The murder of Papiya Ghosh would be solved at some stage considering the pressure being built up by the ordinary people of Bihar. The Chief Minister, Nitish Kumar after being prodded from the centre is finally taking some interest in this case. But neither Nitish Kumar nor our Hon. Prime Minister knew the actual Papiya Ghosh. Papiya and Tuktuk Ghosh were known all over India to readers of JS. They remain as popular as they were thirty years back.
Dilip D'Souza in his blog dated December 14, 2005 wrote, 'Poring through the magazine every week, I wondered jealously: Just how did all these JS dudes get these almost insufferably cool names? I mean: Jug Suraiya? Desmond Doig? And exactly who were Papiya and Tuktuk Ghosh, invariably somewhere in the issue? Where did they get their cool names? Does anyone know? Did they exist? Do they exist? (Please send me a note if you're reading this, either of you, and put a 30-year-old mystery to rest)'.
Again, Jug Suraiya mentioned in one of his columns that in a party, a woman once came to him and identified herself as Papiya. His Pavlovian response was, "Where is Tuktuk"?
Many a party organized by Desmond in Kolkata had invitees mentioning Papiya and Tuktuk Ghosh as passwords before one can enter the foyer of the happening.
Dilip D'Souza never knew that within a year after he had published his blog, he would know about Papiya Ghosh.
Kookies Kol in every issue of JS had witty postings by Papiya and Tuktuk Ghosh. Dr. Suchitra Shrivatava, a pathologist from Gwalior told me years back that JS was synonymous with Papiya and Tuktuk Ghosh.

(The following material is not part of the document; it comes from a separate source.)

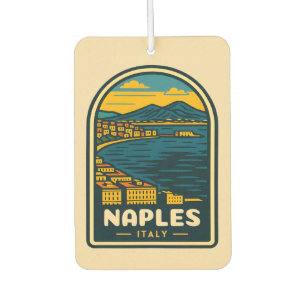 Désodorisant Pour Voiture Vintage voyage Naples Italie Retro Pittoresque Côt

Who was really Papiya Ghosh?
Papiya Ghosh was a Professor of History at the Patna University. A Historian of international repute her research interest included topics as such as Partition, Diaspora, Refugee, Gender, Backward and Dalit studies and more recently Bhojpuri cinema and cassettes. She was currently working on three volumes - Partition and the South Asian Diaspora, Community and Nation: Bihar in the 1940s and Caste, Region and Nation: Essays on Bihar. She studied at the Delhi University and was well known for her academic achievements and extracurricular activities.
She reviewed the books - Mapmaking: Partition stories from Two Bengals edited by Debjani Sengupta, Shadow lives: Writings on Widowhood edited by Uma Chakravarti and Preeti Gill and The Hindu Widow in Indian Literature by Rajul Sogani. She was an authority on Muslims in Bihar, her book titled 'Reinvoking the Pakistan of the 1940: Bihar's 'Stranded Pakistanis', is a milestone on Muslim studies in India. She wrote a lot of articles in the international journal 'Refugee Watch'.
Papiya Ghosh died believing in Bihar, a province whose Home Secretary was her father; an Indian Civil Service Officer. We lost Papiya Ghosh who was our link to the wonderful world of JS.